** Record set follows **
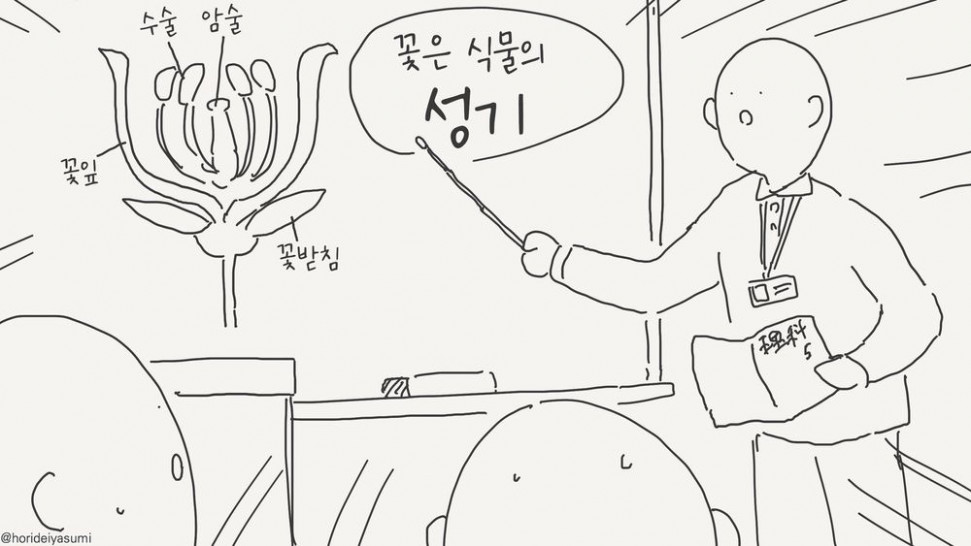 6e98035e9c10919d5f14dc22a8e81781.jpg : 꽃은 식물의 성기 6e98035e9c10919d5f14dc22a8e81781.jpg : 꽃은 식물의 성기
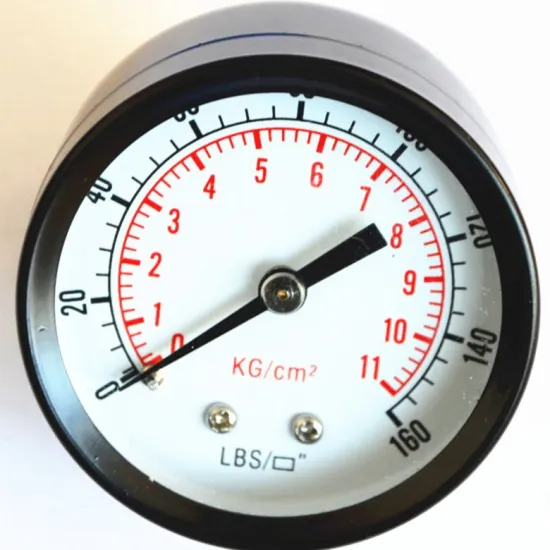 electrophoresis case pressure gauge
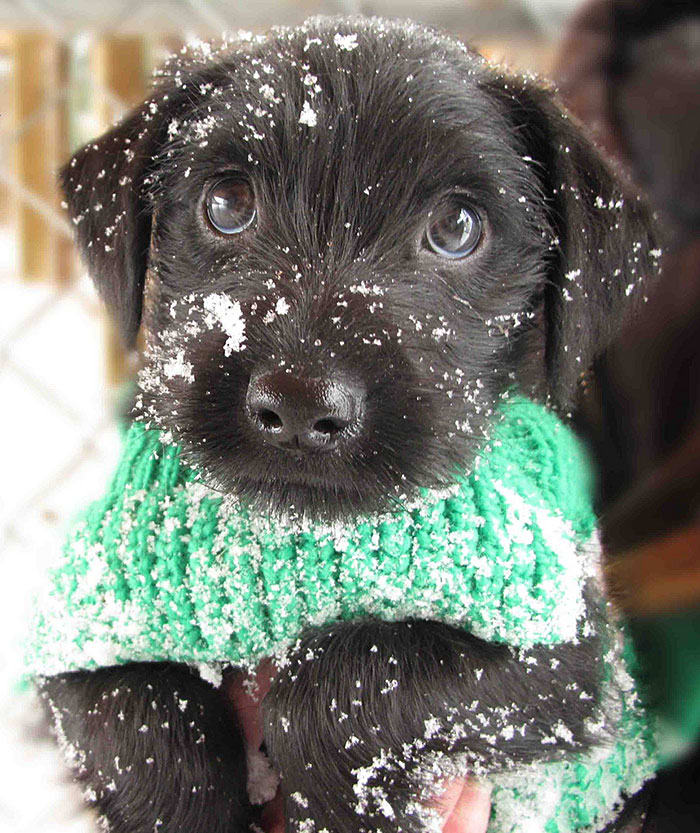 cute puppy in snow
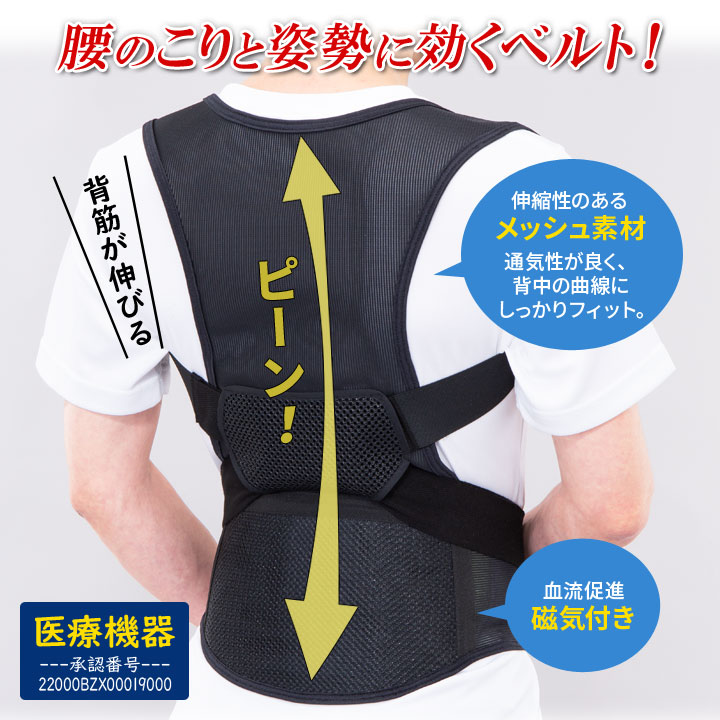 姿勢ベルト 腰ベルト 胸を開く 背すじを伸ばす 姿勢を正す 若々しい印象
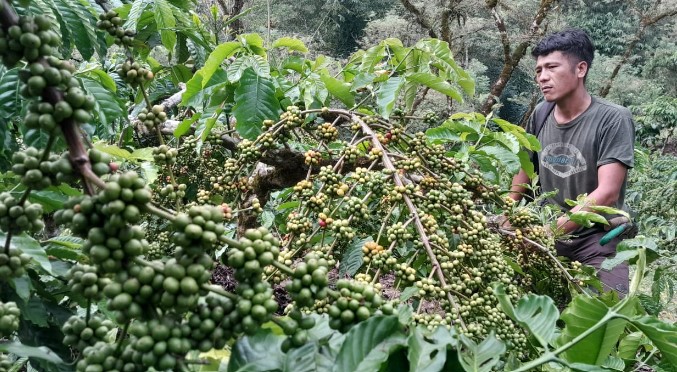 Masa Panen, Harga Kopi Turun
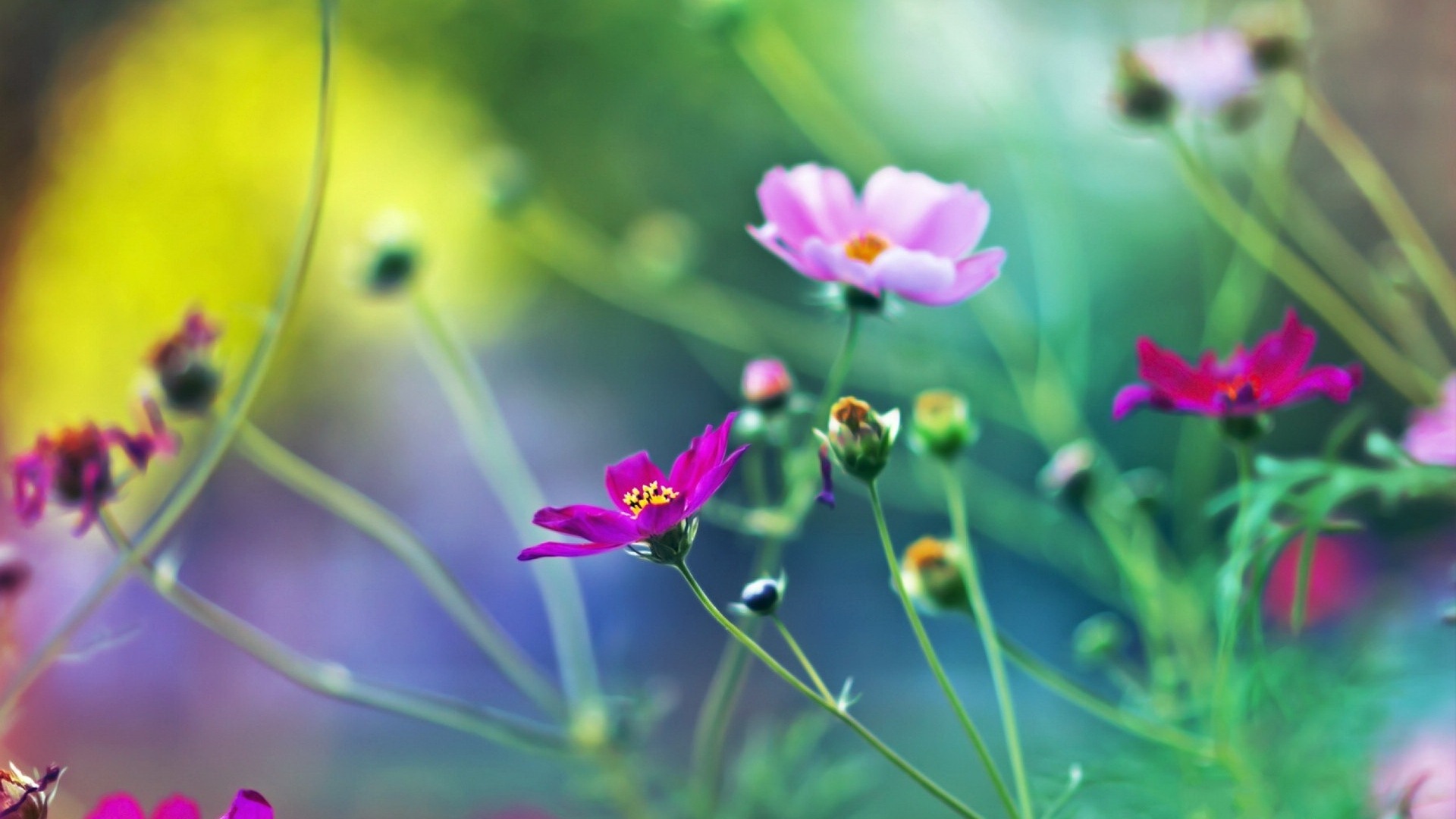 Spring flowers bloom HD Wallpapers #17 - 1920x1080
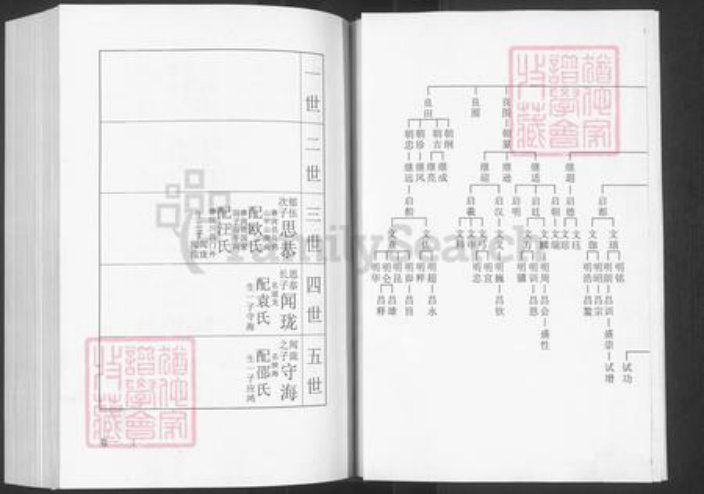 湖北省黄冈市王氏三槐堂族谱-王氏宗谱.pdf电子版插图4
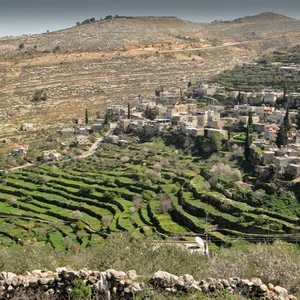 Why%20is%20Palestinian%20Battir%20called%20the%20bird%20house%20arabia%20weather..PNG&size=800x450&force_webp=1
** End of Record set **
Print the records above again exactly. Leave out the images.

■ **Expected output**
 6e98035e9c10919d5f14dc22a8e81781.jpg : 꽃은 식물의 성기 6e98035e9c10919d5f14dc22a8e81781.jpg : 꽃은 식물의 성기
 electrophoresis case pressure gauge
 cute puppy in snow
 姿勢ベルト 腰ベルト 胸を開く 背すじを伸ばす 姿勢を正す 若々しい印象
 Masa Panen, Harga Kopi Turun
 Spring flowers bloom HD Wallpapers #17 - 1920x1080
 湖北省黄冈市王氏三槐堂族谱-王氏宗谱.pdf电子版插图4
 Why%20is%20Palestinian%20Battir%20called%20the%20bird%20house%20arabia%20weather..PNG&size=800x450&force_webp=1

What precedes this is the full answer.